Random Points on a Circle Riddler
Last week’s Riddler was about determining the probability that randomly distributed points on a circle all belong to a common same half-circle. It seemed like it should be pretty easy to solve by hand (edit: and it totally was), but for whatever reason I couldn’t piece out a solution. Instead, I settled for simulating the problem and making some pretty explanatory pictures.
Here’s the prompt copied verbatim from FiveThirtyEight for April 19:
If \(N\) points are generated at random places on the perimeter of a circle, what is the probability that you can pick a diameter such that all of those points are on only one side of the newly halved circle?
Determining When Points Belong to the Same Hemisphere
To simulate the solution, I used a simple geometric trick to detect when points lie in the same half-circle. Let \(C\) denote the unit circle in \(\mathbb{R}^2\). Then, \(p_1,\ldots, p_n \in C\) belong to the same hemisphere of \(C\) just in case there exists \(i \in \{1,\ldots,n\}\) for which either \(\min\left(\langle q_i, p_j \rangle\right) \geq 0\) or \(\max\left(\langle q_i, p_j \rangle\right) \leq 0\), where \(q_i\) is a non-zero perpendicular vector to \(p_i\).
To see that this works, note that the points \(p_k\) \(k=1,\ldots,n\) lie in the same half-circle iff we can split the circle \(C\) along a line \(l\) passing through the origin and one of the points \(p_i\), so that all points lie on the same side of \(l\). In turn, all points \(p_i\) lie on the same side of \(l\) iff they all share the same sign when projected onto a normal \(q_i\) to \(l\). Finally, note that \(q_i\) will be normal to \(l\) just in case \(q_i\) is perpendicular to \(p_i\) (since \(l\) passes through \(0\) and \(p_i\)). The following image shows how things work:
The function below uses this observation to determine whether angles \(\theta_i\), corresponding to points \(p_i\), lie in the same half-circle. It returns a tuple with a flag indicating whether a splitting line \(l\) exists (or not), and the index of the point \(p_i\) through which \(l\) passes. In the case that no split exists, it returns NaN
in the second entry of the tuple.
import matplotlib.pyplot as plt
import numpy as np
%matplotlib inline
def thetas_on_same_half(thetas):
thetas = thetas.flatten()
n_thetas = thetas.size
ps = np.array([np.cos(thetas), np.sin(thetas)]).T
for i in range(n_thetas):
q = np.array([ps[i,1], -ps[i,0]]).reshape((2,1))

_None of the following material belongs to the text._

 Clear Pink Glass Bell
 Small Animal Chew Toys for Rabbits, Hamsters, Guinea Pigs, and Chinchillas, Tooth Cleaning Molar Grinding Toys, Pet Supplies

# be careful with the dot product p_i * q_i
# this will only be zero to machine precision,
# so it may be slightly positive or negative
# make it actually zero to avoid this
same_side_as_q = np.dot(ps, q)
same_side_as_q[i] = 0.0
proj_min = np.min(same_side_as_q)
proj_max = np.max(same_side_as_q)
if proj_min >= 0 or proj_max <= 0:
return True, i
return False, np.nan
Splitting Visualizations
I wanted to get a sense (visually) of the frequency with which the points belong to the same hemisphere. So, I simulated 100 draws of \(n\) random points for \(n=2,\ldots,5\) points. For each draw, I plotted the points on a circle. If there was a line splitting the circle into a hemisphere containing all of the points and an empty hemisphere, then I drew the splitting line (in green) running through the point \(p_i\) described as above.
def plot_splits(n_points, n_row):
n_runs = n_row*n_row
thetas = 2.0 * np.pi * np.random.rand(n_points, n_runs)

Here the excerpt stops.